Kali i Shiva, siostry z adopcji
Weronika Zacharska i Maciej Rutkiewicz stworzyli wyjątkowy dom, otwarty na miłość do kotów. Jest w nim miejsce dla dwójki: Kali i Shivy. Adoptowali je z Azylu św. Franciszka oraz ze schroniska na Paluchu. Kotki niemalże od zaraz stworzyły zgraną parę przyjaciółek. Weronika jest także aktywną wolontariuszką w schronisku na Paluchu. Zajmuje się tam jednak psami.
Jesteście opiekunami dwóch cudownych koteczek Kali i Shivy. Opowiedzcie, jak trafiły do Waszego domu?

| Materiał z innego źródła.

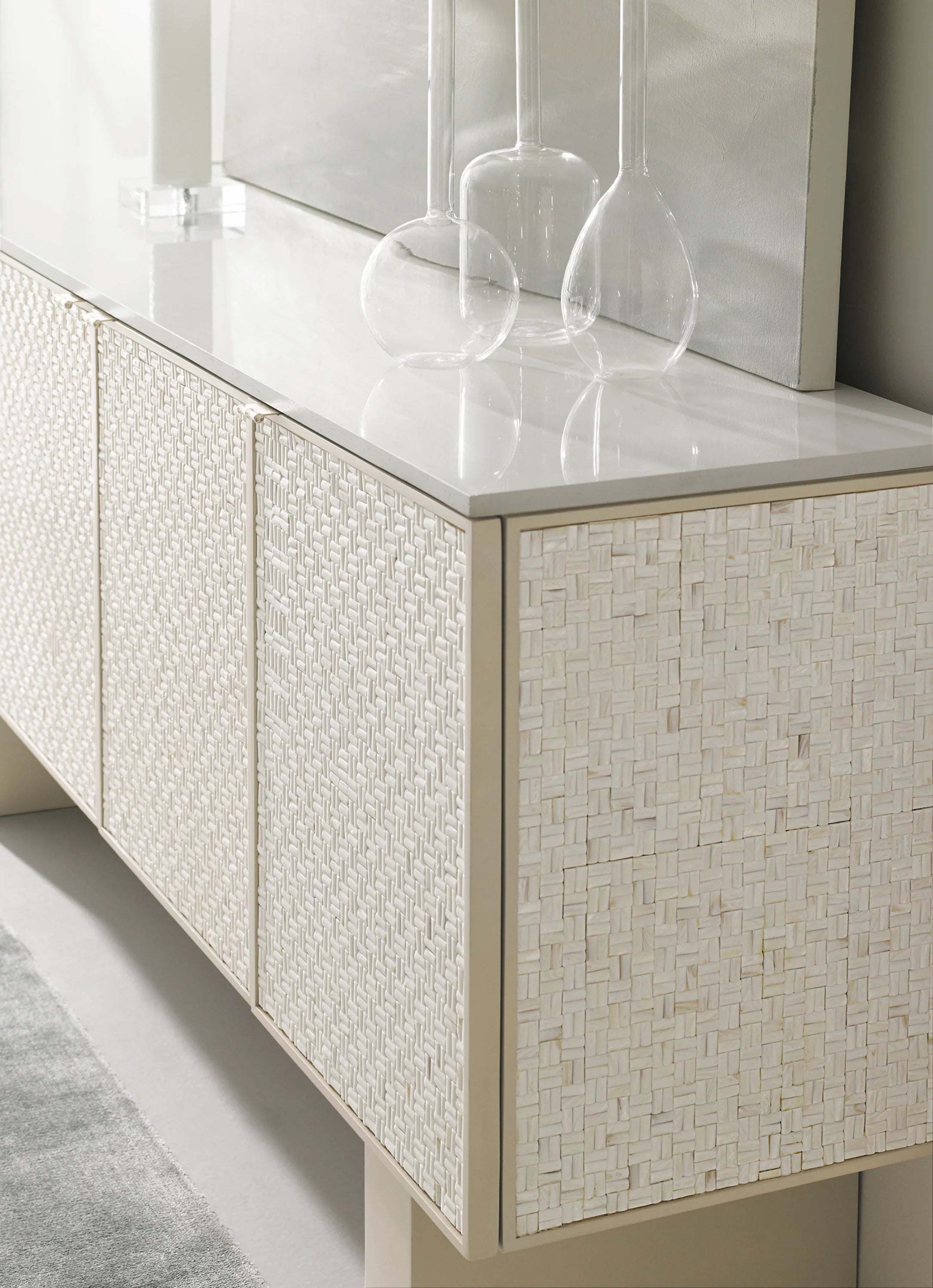 Bomb-Shell – Sideboards & Buffets by Caracole | Sutter & Vale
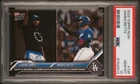 LeBron James Mookie Betts 2023 Topps Now #736 Salute To Greatness PSA 10 Dodgers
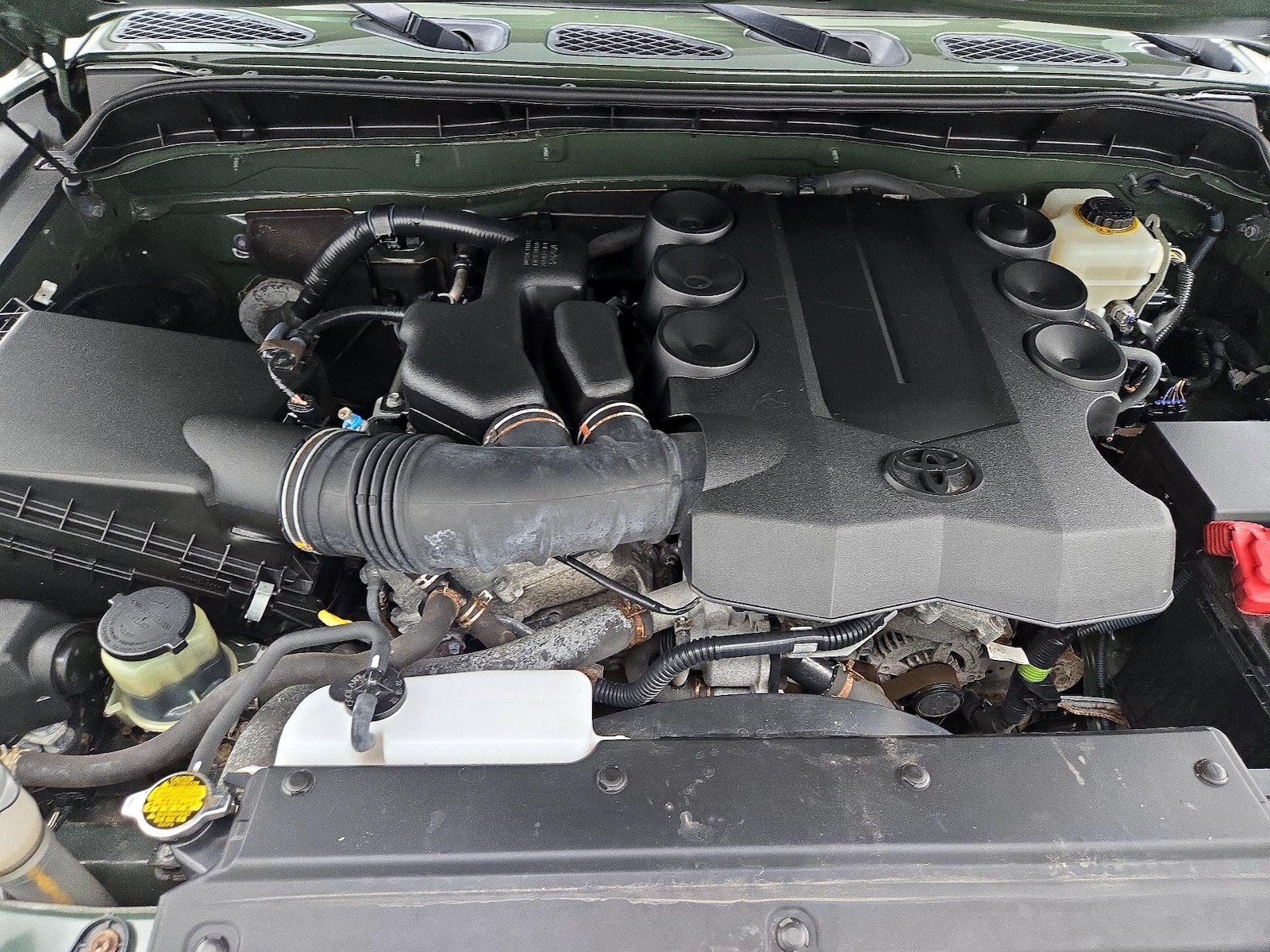 2014 Toyota FJ Cruiser Base - Photo 22
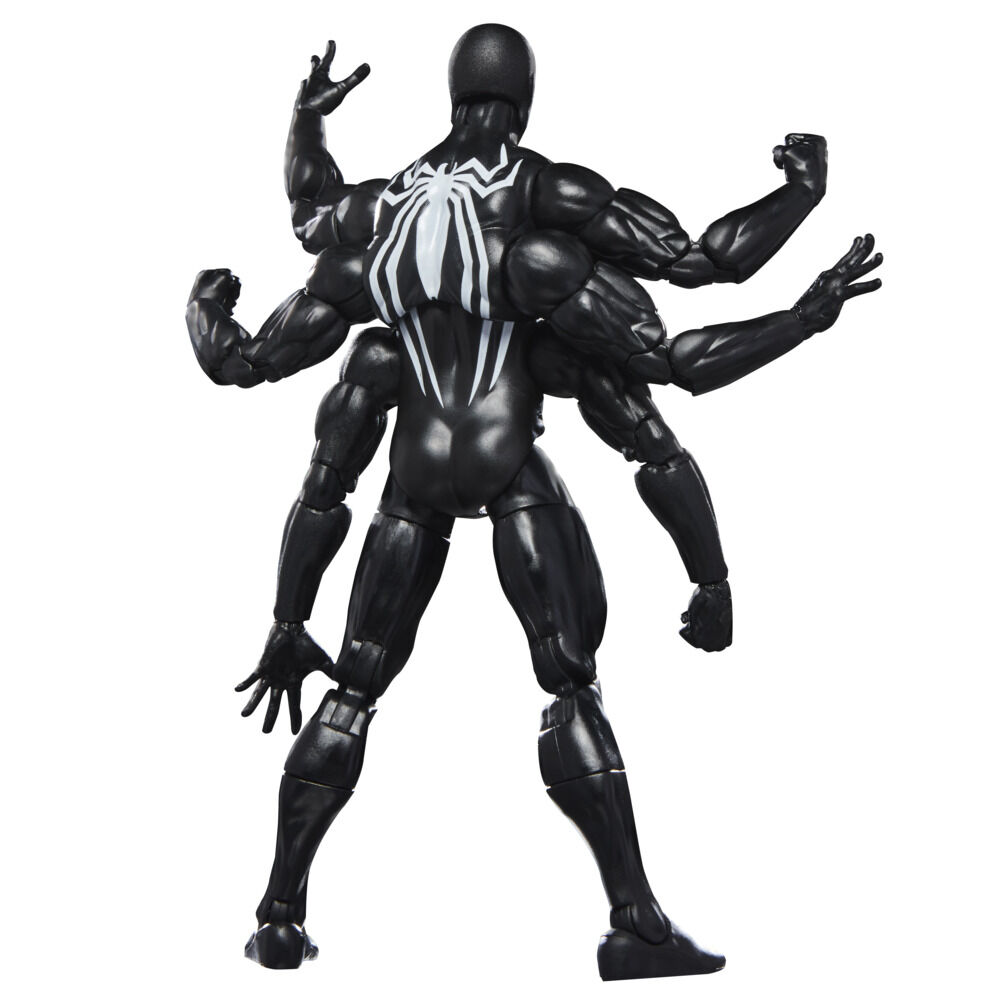 Marvel Legends Series Dark Avengers Spider-Man Avengers Comics Action Figure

Poprzednio byliśmy opiekunami kota Mietka. Niestety jakiś czas temu odszedł od nas za tęczowy most. Postanowiliśmy przygarnąć kolejne koty, ponieważ nasz dom bez mruczków wydawał się pusty. Shivę adoptowaliśmy z Azylu św. Franciszka. Natomiast Kali, trafiła do nas ze schroniska na Paluchu. Obydwie kotki od razu skradły nasze serca.
Czy Kali i Shiva mają podobne charaktery?
Zdecydowanie nie. Shiva jest bardziej delikatna i skryta, do tego stopnia, że nie udało nam się zrobić jej zdjęcia. Natomiast Kali to wulkan energii. Stąd też wzięło się jej imię, wspólne z boginią śmierci. Można stwierdzić, że jest mroczna i drapieżna. Kocie dziewczyny, pomimo odmiennych charakterów, dogadują się ze sobą doskonale. Mieliśmy pewne obawy, zaraz po wzięciu ich z azylu i schroniska, ale odnalazły się zaskakująco dobrze. Początkowo omijały się w domu szerokim łukiem, następnie obwąchiwały. Obecnie staliśmy się jako opiekunowie elementem zbędnym i koteczki bawią się wyłącznie same. Jesteśmy im już potrzebni tylko do karmienia… (śmiech). Być może ich super zgranie wynika z tego, że są w podobnym wieku. To pozwoliło im stworzyć siostrzaną więź.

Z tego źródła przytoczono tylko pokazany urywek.